8.8 Configuring an SSL connection to the directory service
By default, when directory service communications are enabled, NNMi uses the LDAP protocol for retrieving data from a directory service. If your directory service requires an SSL connection, you must enable the SSL protocol to encrypt the data that flows between NNMi and the directory service. To enable the SSL protocol, specify the java.naming.security.protocol=ssl parameter in the ldap.properties file.
SSL requires a trust relationship between the directory service host and the NNMi management server. To create this trust relationship, add a certificate to the NNMi truststore. The certificate confirms the identity of the directory service host to the NNMi management server.
To install a truststore certificate for SSL communications, follow these steps:
-
Obtain your company's truststore certificate from the directory server.

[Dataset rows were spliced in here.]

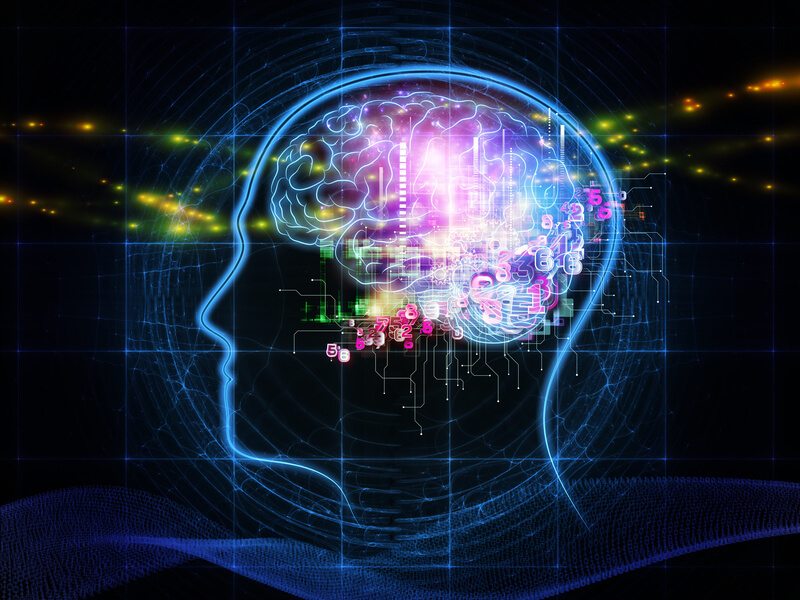 Glowing digital brain inside a human head outline with colorful lights and circuit patterns.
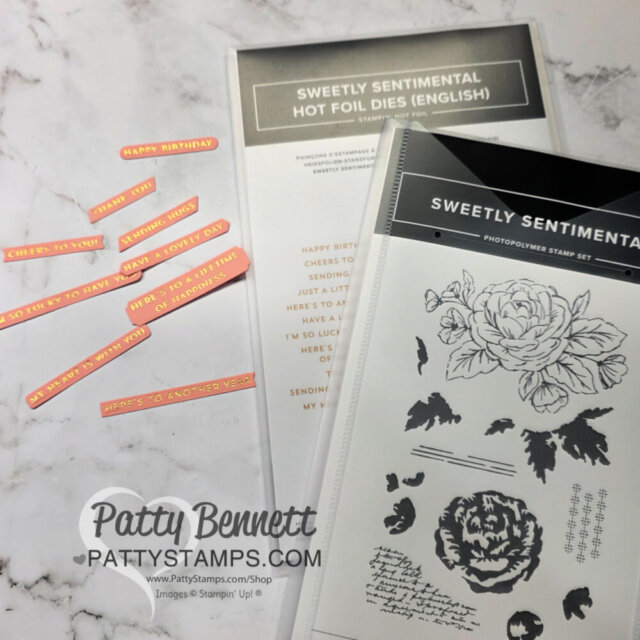 Two "Sweetly Sentimental" crafting sets, one with hot foil dies and one with stamps, are displayed on a marble surface. Around them are pink and gold foil sentiment strips reading phrases like "Happy Birthday" and "Cheers to You. To read more, visit Patty Stamps (pattystamps.com)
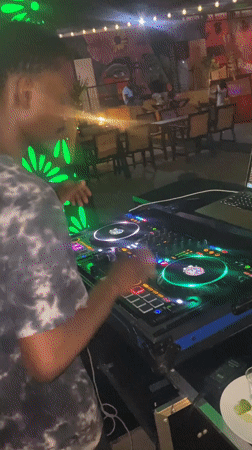Live DJ session at a neon-lit bar in Howayi, Nigeria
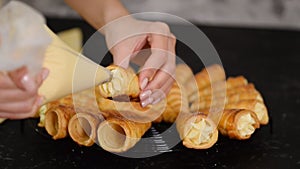 Woman hands pipe the cream into each end of the horn rolls. Woman making puff rolls with cream.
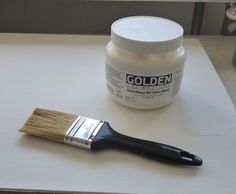 a paint brush sitting on top of a table next to a jar of white paint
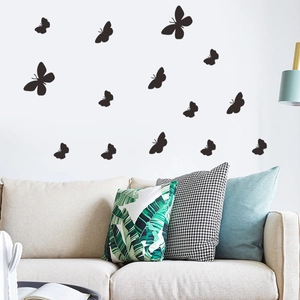 Detail of 15 minimalist black butterfly wall stickers in various flying poses over a sofa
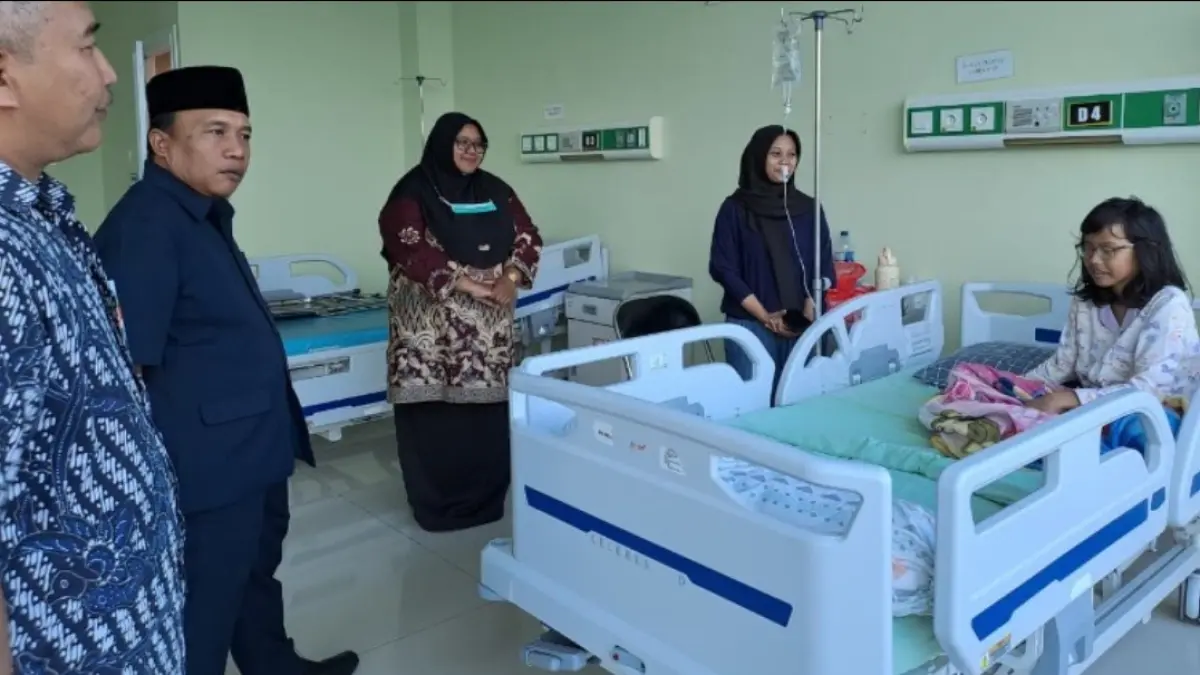 Ketua DPRD Trenggalek Doding Rahmadi saat mengunjungi siswa yang jadi korban permasalahan kesehatan karena di duga keracunan MBG. 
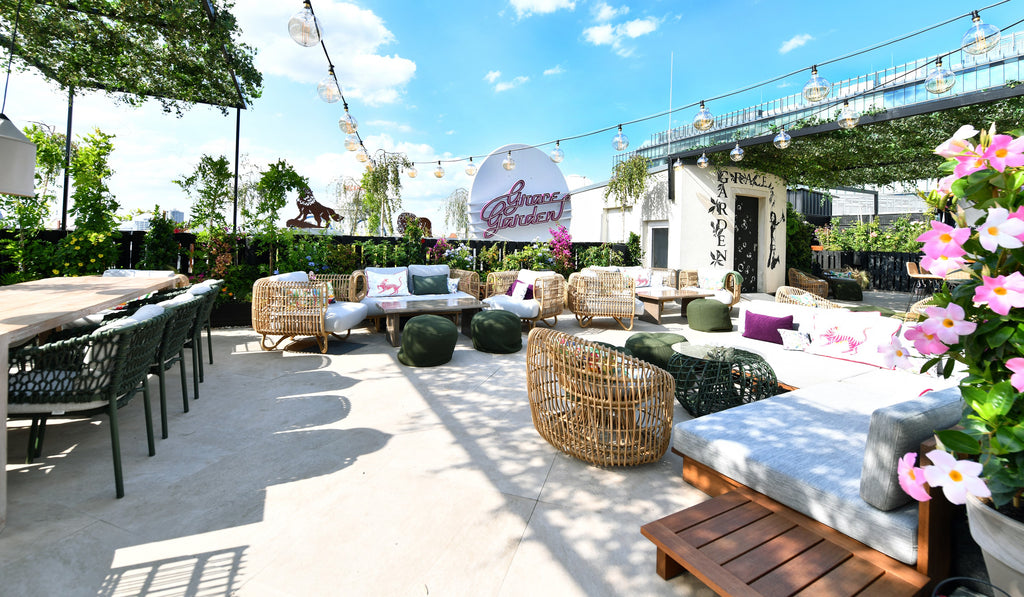 Rooftop bar lounge Grace Garden, green outdoor chairs, Nest lounge chairs, green plants, blooming flowers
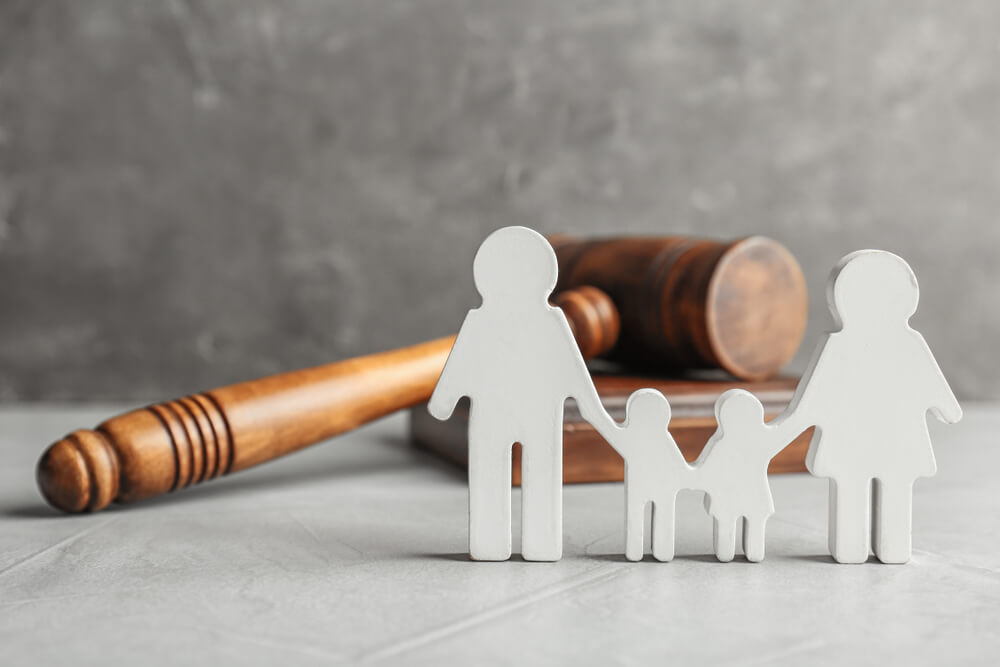 Paper cut out of a family with a judges mallet on a grey surface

The directory service administrator can give you a copy of this text file.
-
Change to the directory that contains the NNMi truststore:
-
Windows: %NNM_DATA%\shared\nnm\certificates
-
UNIX: $NNM_DATA/shared/nnm/certificates
Execute all commands in this procedure from the certificates directory.
-
-
Import your company's truststore certificate into the NNMi truststore.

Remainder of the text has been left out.